Eureka is fighting the questioning of Police Chief Andrew Mills by the attorney in the prayer lawsuit filed against the city about a “devotional” he reportedly led in January at a Peace Officers Prayer Breakfast, according to court documents.
An April 30 hearing is scheduled before Judge W. Bruce Watson.
City Attorney Cyndy Day-Wilson described the scheduled deposition as a “fishing expedition,” while attorney Peter Martin argued the case was broad enough to include events other than those specified in the lawsuit.
”I just don't think it's legally appropriate, as he's framed his complaint,” Day-Wilson said. “The complaint has to do with two things: one is invocation and the second is the mayor's prayer breakfast. It's limited to those two things.”
Martin said the issues are very similar.
”I think this is ... partially what we had before,” Martin said. “Before, we had a mayor accused of using city resources to promote religious activity. Now, we have a police chief who may be in the same situation.

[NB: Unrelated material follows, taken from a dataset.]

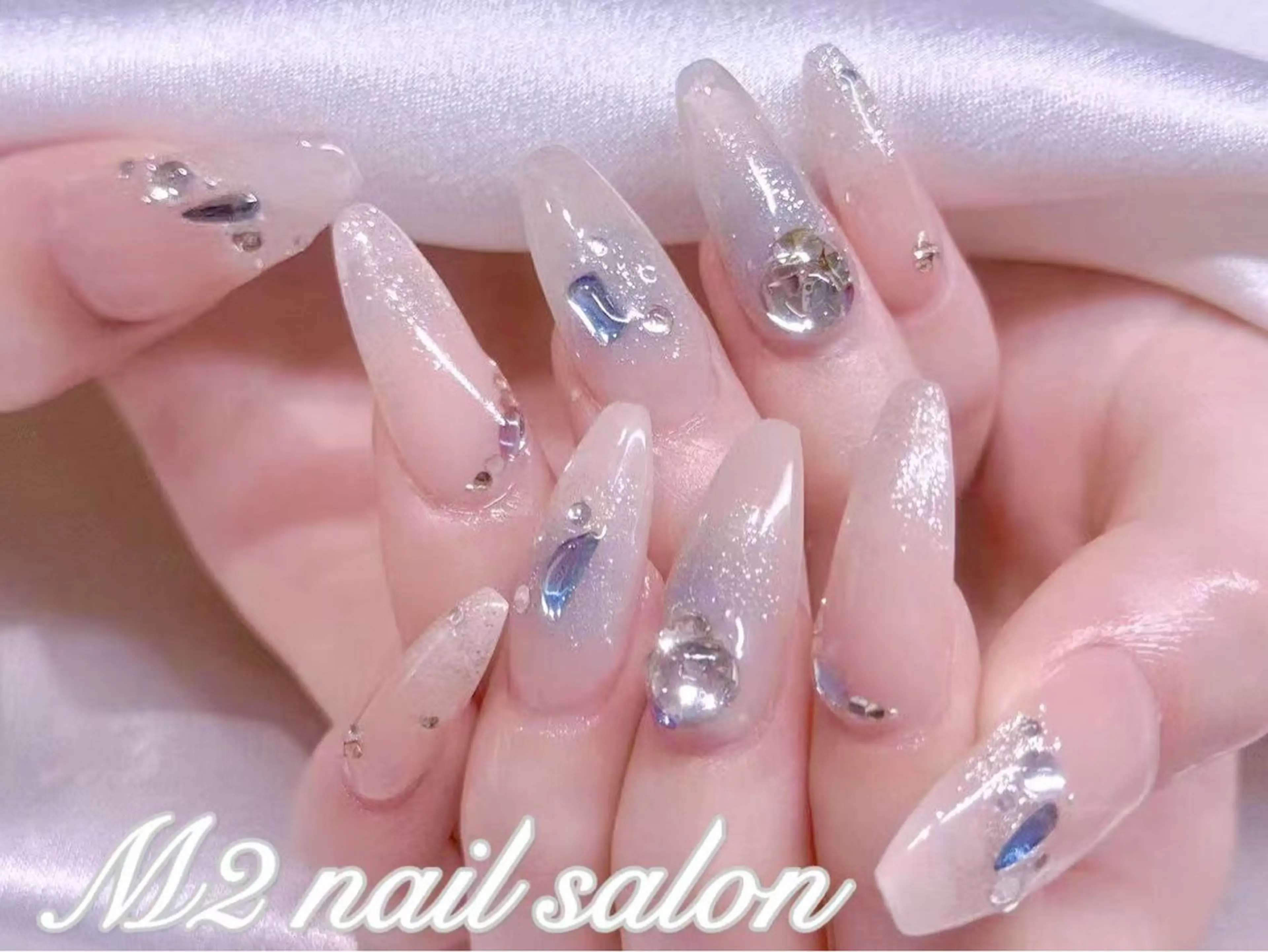 ネイル ハンドネイル エムズ ハヤシのネイルデザイン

”It seems to me it would be best if both of those questions could be resolved in the same case,” he added.
The peace officer event took place on Jan. 8 in the Harvest Church at 7 a.m., according to court documents.
In a protective order request filed with the courts, Day-Wilson argues Mills has no ties to the case filed by Eureka resident Carole Beaton nearly a year before he became chief.
Beaton filed the lawsuit against the city in January 2013, requesting that it cease holding both sectarian or non-sectarian invocations before city council meetings, and for Mayor Frank Jager to stop promoting the annual Mayor's Prayer Breakfast as a city official.
”The only issue left before this court surrounds the extent, if any, of the city's involvement in the 2012 and 2013 Mayor Prayer Breakfasts,” Day-Wilson wrote in court documents. “He was not a participant in the 2012 or 2013 prayer breakfasts and cannot provide any information other than hearsay.”
Martin, Beaton's attorney, argues in court papers filed Thursday that the lawsuit covers the “use of public facilities, including staff and telephone, is government support of prayer and official involvement that promotes religion,” and is broad enough to “apply to the conduct of Chief Mills, if it turns out that he did improperly mix religion and government.”
Mills declined to comment.
Watson ruled in December that non-sectarian invocations at council meetings are lawful, but that Beaton can still pursue her claim against Jager's prayer breakfast.